After Laikow and Demoso, I hitchhiked back again to Pekon and took a local long-boat up the Inle Lake to Nyaungshwe. It was a five hour long boat trip in the direct sun on the lake, but it was really interesting going with the locals sitting on the planks of the boat and going up North while all the tourists come from the opposite direction, sitting in their comfortable chairs mounted to the boats and you know they paid ten times the price you paid.
And then all the golden pagodas, stupas and temples.
Myanmar, you wouldn’t be what you are without the Buddhism, all the temples with their pagodas sparkling full of gold and the monks bringing all to life.
Several times I stood in amazement in front of a massive pagoda coated with loads of gold. The Shwedagon Pagoda in Yangon, or the ancient Pagodas in Bagan are just stunning.
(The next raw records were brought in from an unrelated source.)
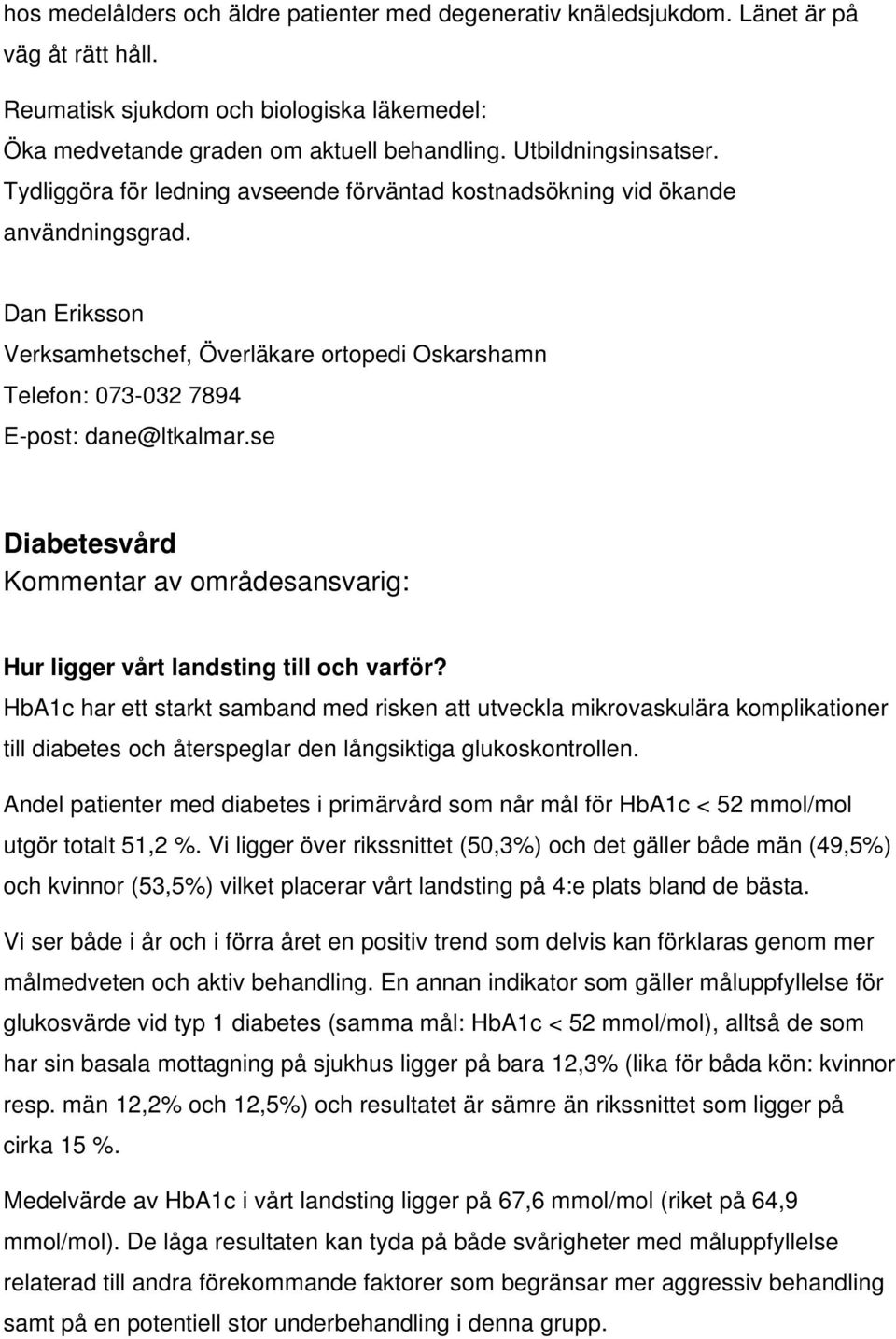 Dan Eriksson Verksamhetschef, Överläkare ortopedi Oskarshamn Telefon: 073-032 7894 E-post: dane@ltkalmar.se Diabetesvård Kommentar av områdesansvarig: Hur ligger vårt landsting till och varför?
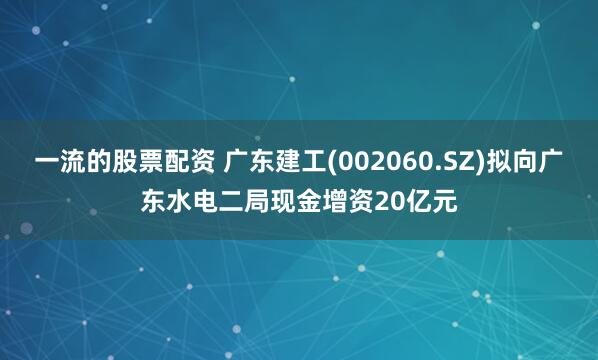 一流的股票配资 广东建工(002060.SZ)拟向广东水电二局现金增资20亿元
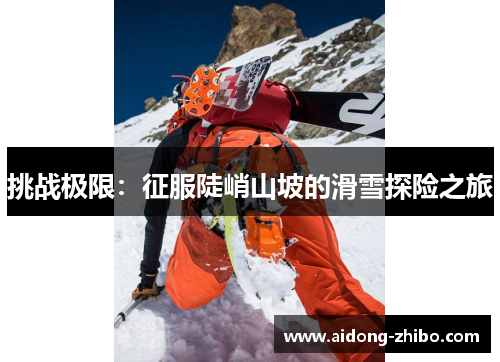 挑战极限：征服陡峭山坡的滑雪探险之旅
But what makes the temples special to me is the monks breathing life into the temples. Often I went to the monasteries to join the monks for their evening prayer. They always welcomed me and after the prayer I was sitting together with the monks over a chat and some chai. Many times they offered me food although they don’t eat anything themselves after noon.
And quite often I could even sleep in the monasteries. Anyway, it was always very delightful conversations with the monks and I learned a lot when they showed me around their temple or took me to some sacred sites.
But one thing really puts me off!
And that’s the fact that nearly everyone is chewing beetle nut. Your streets and your pavements are full of red spit from people spitting the beetle nut out. It happened several times that I walked along the road and then suddenly someone spits his red disgusting slime in front of me on the ground. Or I met a girl who appeared very beautiful, until she smiled at me and showed me her red teeth. I tried it once and found out that it tastes even more disgusting than it seems!